From: Steve French <smfrench@gmail.com>
To: David Howells <dhowells@redhat.com>
Cc: kernel test robot <oliver.sang@intel.com>,
oe-lkp@lists.linux.dev, lkp@intel.com,
Linux Memory Management List <linux-mm@kvack.org>,
Christian Brauner <brauner@kernel.org>,
Jeff Layton <jlayton@kernel.org>,
netfs@lists.linux.dev, linux-fsdevel@vger.kernel.org
Subject: Re: [linux-next:master] [netfs] a05b682d49: BUG:KASAN:slab-use-after-free_in_copy_from_iter
Date: Tue, 24 Sep 2024 18:19:29 -0500 [thread overview]

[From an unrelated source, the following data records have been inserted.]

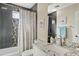 Stylish bathroom with a shower-tub combination and a white vanity with granite countertop and a decorative mirror at 3021 E Agritopia N Loop, Gilbert, AZ 85296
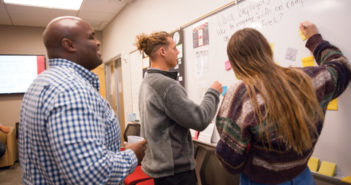 Courtney Carter (left) of the Office of Career and Professional Development encourages students to share employers of interest. (Photo by Coco McKown '04, '10)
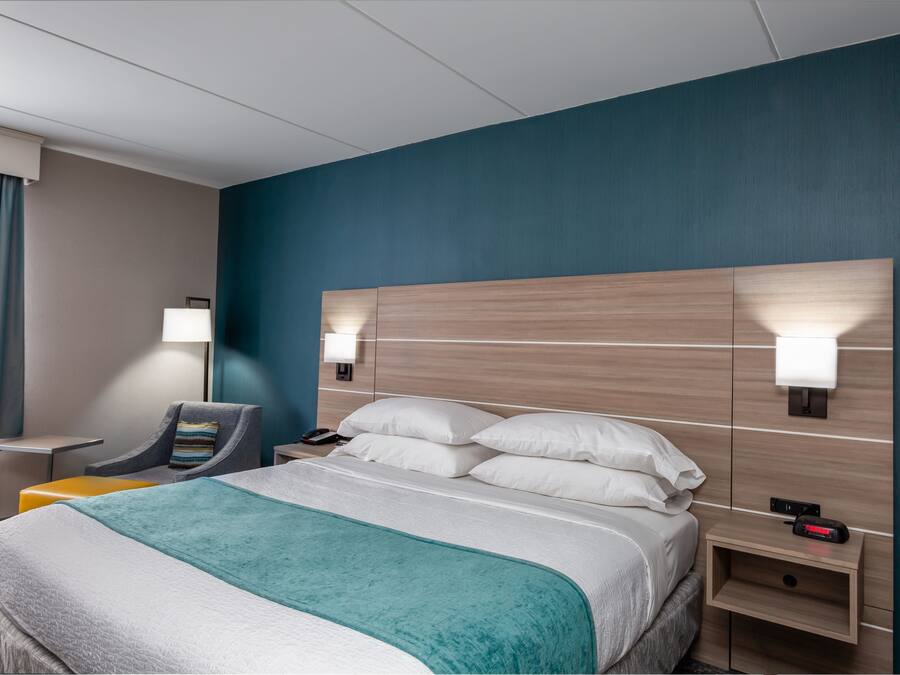 Una habitación de hotel con una cama grande, dos mesitas de noche, una silla y una mesita con una lámpara.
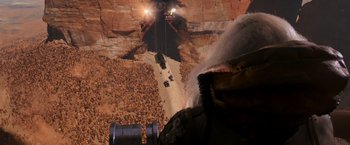 Movie still from “Mad Max: Fury Road” (2015), directed by George Miller – A man standing in front of a tunnel with a crane; Extreme Wide shot, High angle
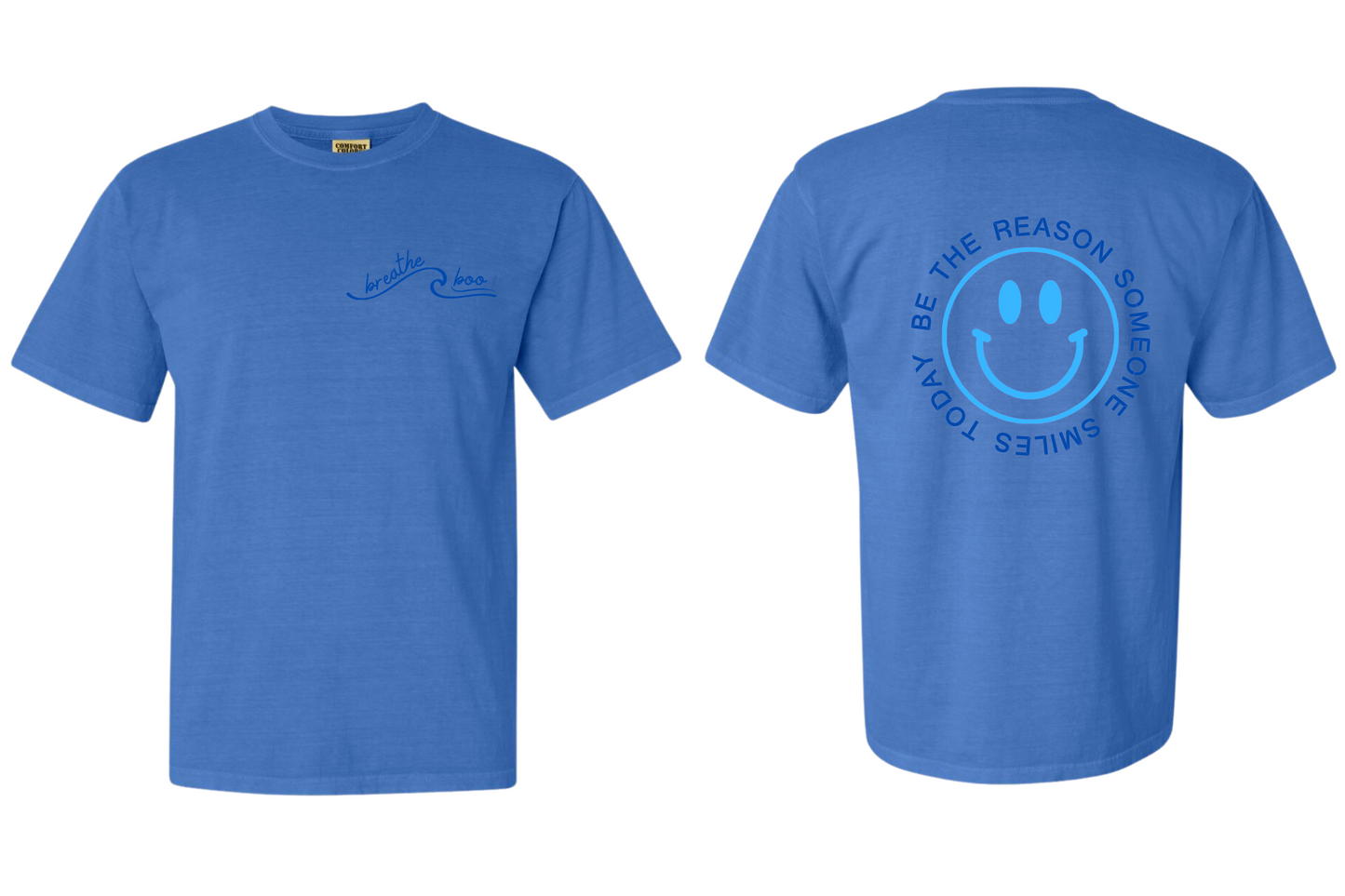 ocean blue short sleeve shirt with "breathe boo" on the left chest area of the shirt and Community Grace on the sleeve in navy blue tones. On the back of the shirt there is a smiley face in a vibrant electric blue color with the words "BE THE REASON SOMEONE SMILES TODAY" around it in capital letters in a navy blue tone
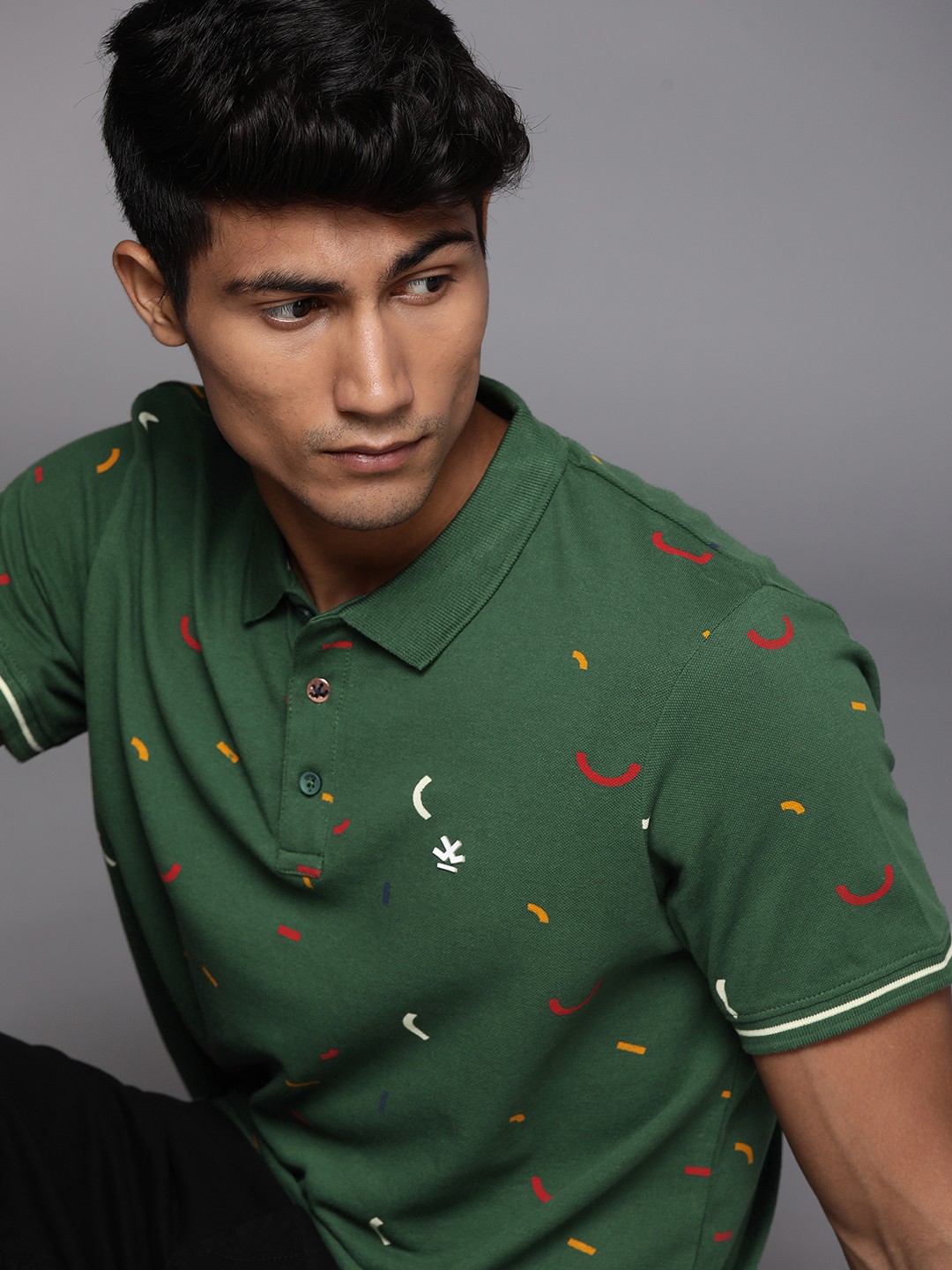 

WROGN Men Teal Green Printed Polo Collar Slim Fit Pure Cotton T-shirt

Message-ID: <CAH2r5msFnqU-wCn4QRv1Tjh4dtomA6QbtAGmONhx5C0mduxLVg@mail.gmail.com> (raw)
In-Reply-To: <1191933.1727214450@warthog.procyon.org.uk>
Yes - I can confirm that this fixes the recent netfs regression in generic/075
http://smb311-linux-testing.southcentralus.cloudapp.azure.com/#/builders/3/builds/239
You can add:
Tested-by: Steve French <stfrench@microsoft.com>
On Tue, Sep 24, 2024 at 4:47 PM David Howells <dhowells@redhat.com> wrote:
>
> Does the attached fix the problem?
>
> David
> ---
> netfs: Fix write oops in generic/346 (9p) and maybe generic/074 (cifs)
>
> In netfslib, a buffered writeback operation has a 'write queue' of folios
> that are being written, held in a linear sequence of folio_queue structs.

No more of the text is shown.